Attorney General Alan Wilson joined a multistate coalition asking federal regulators to cut off scammers’ access to legitimate phone numbers used in robocalls.
Based on a release from S.C. Attorney General.
Attorney General Alan Wilson and 48 other attorneys general called on the Federal Communications Commission to strengthen rules aimed at making it harder for scammers to make robocalls from legitimate telephone numbers, according to the S.C. Attorney General’s Office.
The letter, sent by the Anti-Robocall Multistate Litigation Task Force, responds to proposed FCC rules following a request the coalition first made to the agency in 2021, according to the office.
“Robocalls aren’t just annoying, they’re often illegal,” Wilson said. “People are sick and tired of them, and I’m working with attorneys general from around the country to go after these scams that victimize South Carolinians.”
Americans received approximately 29.6 billion scam robocalls and texts last year and lost nearly $2 billion to the scams, according to the office.
Scammers previously relied on illegally “spoofing” other people’s phone numbers to appear as legitimate companies or government agencies, but that tactic has become harder after federal and state action, according to the office.
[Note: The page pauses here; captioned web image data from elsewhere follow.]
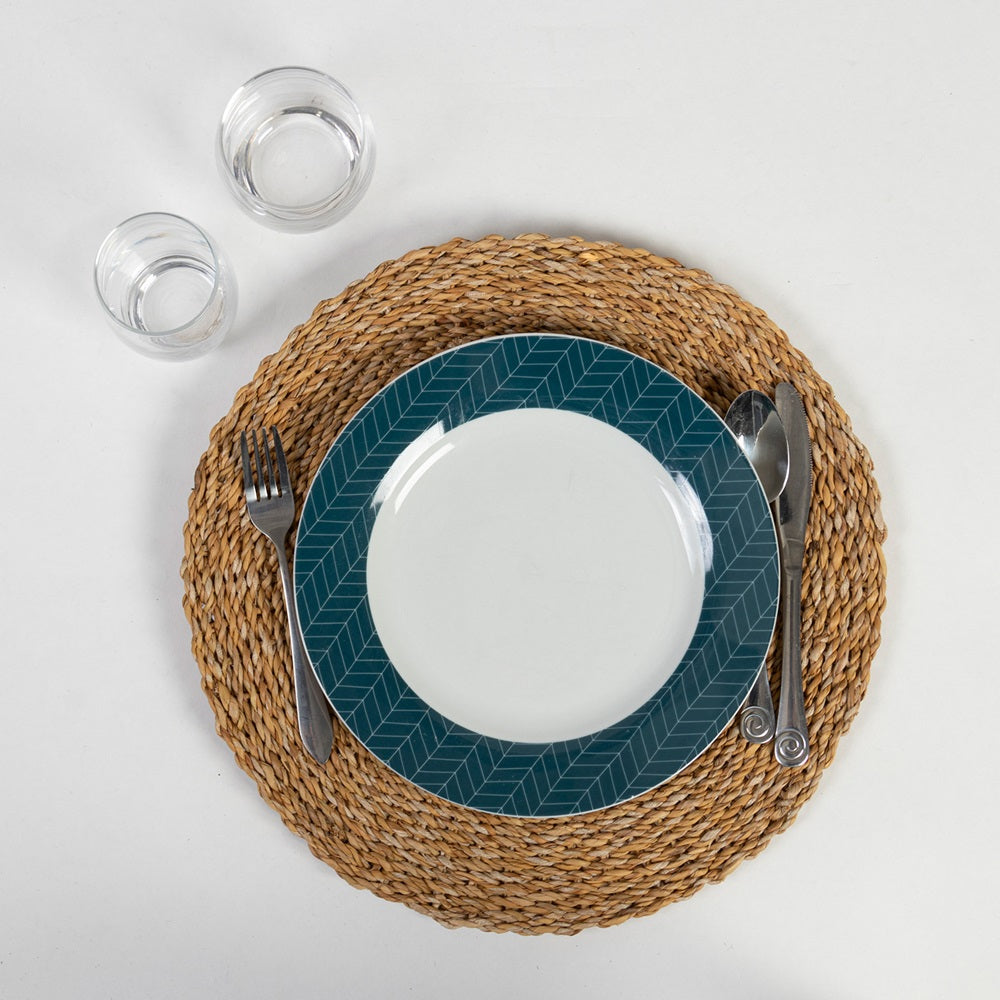 Handmade round seagrass placemat, 400mm diameter, adding coastal charm and durable protection for dining tables.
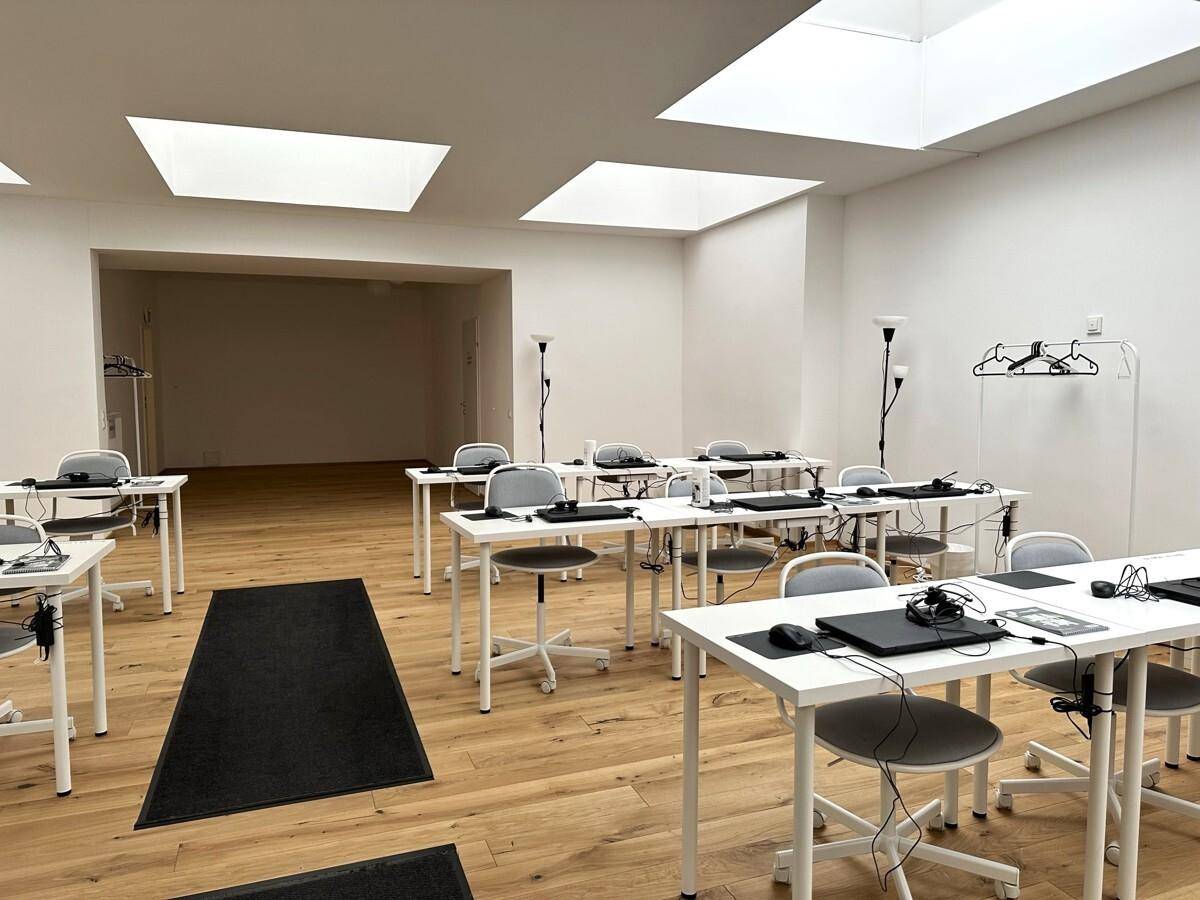 Geräumiger Bürobereich mit zahlreichen Arbeitsplätzen, Holzboden und großen Deckenfenstern für viel Licht.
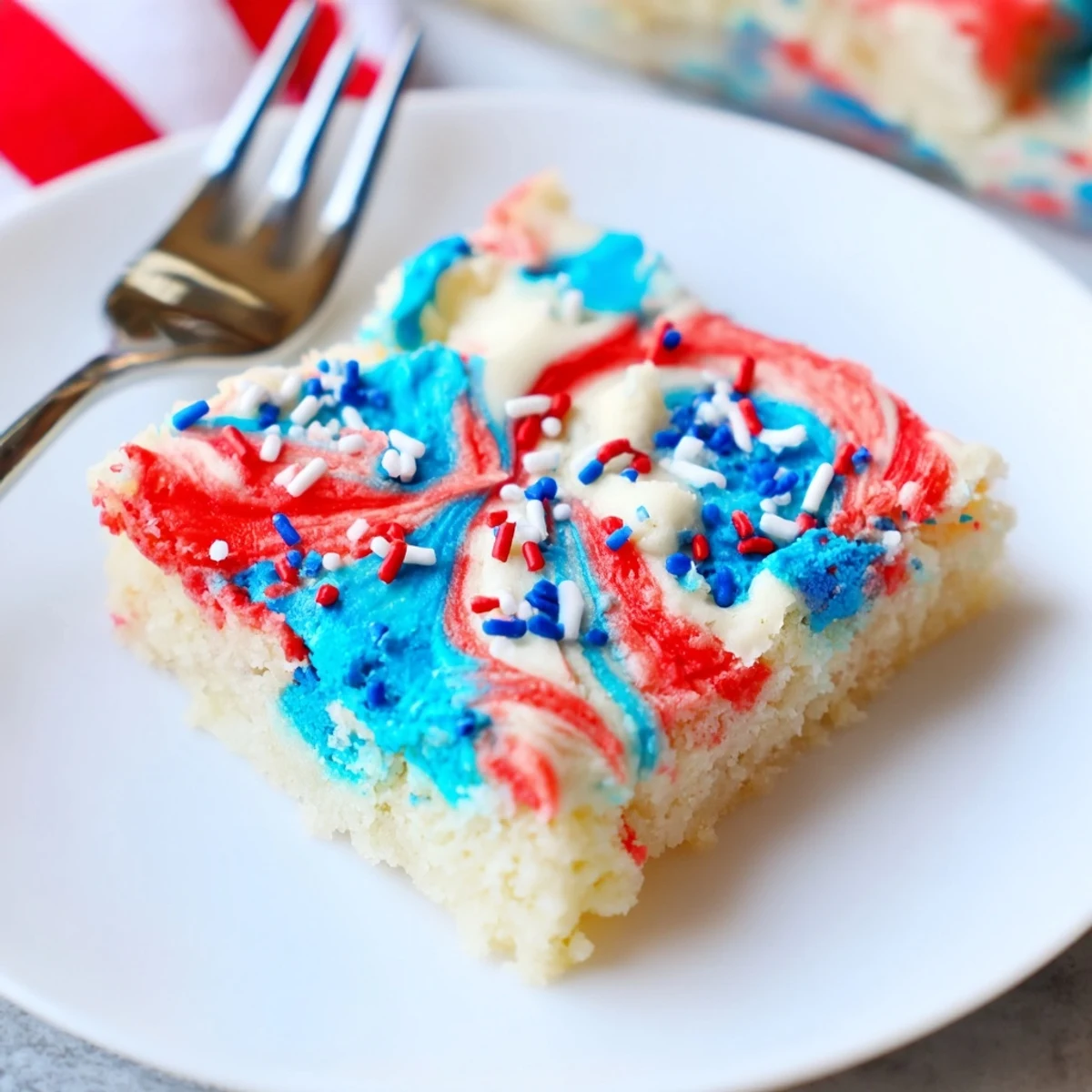 Slice of Patriotic Sugar Cookie Bars on a plate, buttery and festive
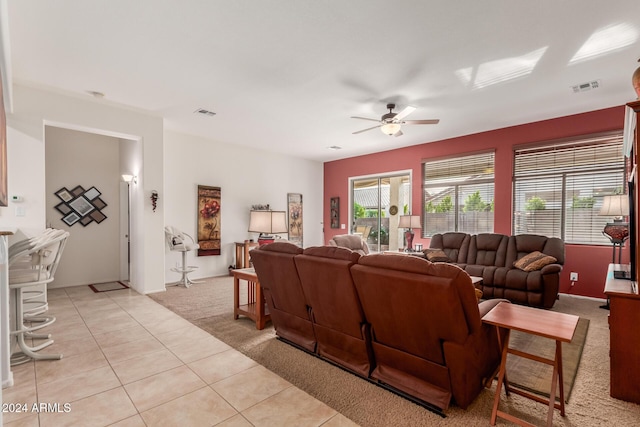 tiled living room with ceiling fan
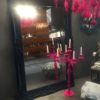 Black Frame Mirror On The Floor With Pink Candelabra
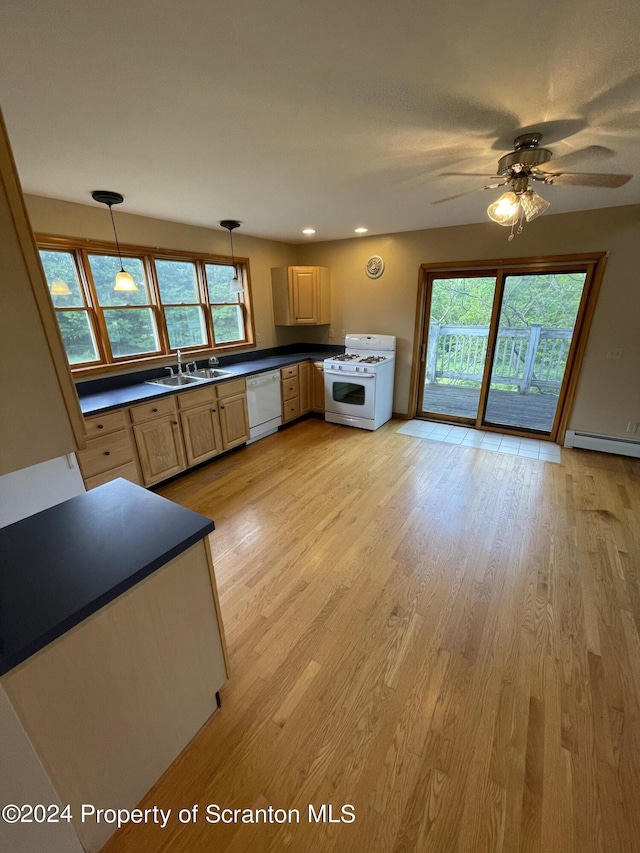 kitchen featuring light wood-type flooring, white appliances, sink, light brown cabinets, and hanging light fixtures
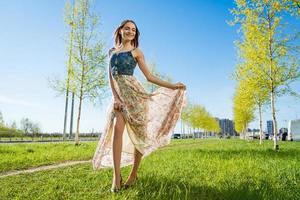 Porträt glücklich schön jung Frau entspannend im Park im lange Kleid. froh foto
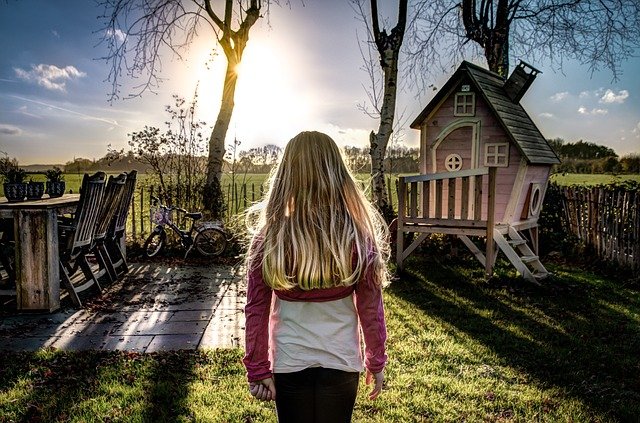 Menina de costas para a câmera, em um jardim com casa de boneca grande e mesa de madeira. Ela olha em direção ao sol.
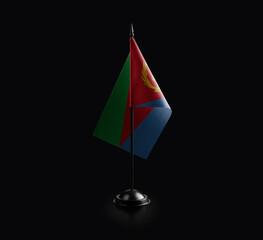 Small national flag of the Eritrea on a black background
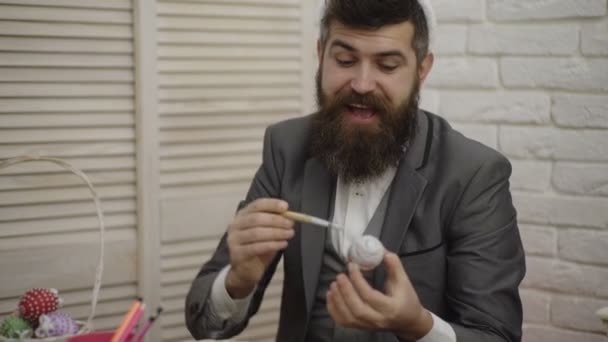 Sakallı adam Paskalya yumurtaları boyuyor. Paskalya için hazırlanıyor Bunny kulakları giyen funy hipster adam. Aile Paskalya için hazırlanıyor. Ahşap arka planda Paskalya yumurtaları. Bunny kulakları ile tavşan adam. — Stok video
Scammers now often purchase legitimate phone numbers and cycle through millions of new numbers to avoid detection by spam filters, unlike legitimate businesses that typically keep the same number for years.
In one North Carolina case, scammers made more than 17.3 million calls in a single day through one phone company, generally using each number no more than twice, according to the office.
Wilson was joined in signing the letter by attorneys general from 47 other states, the District of Columbia and American Samoa, according to the office.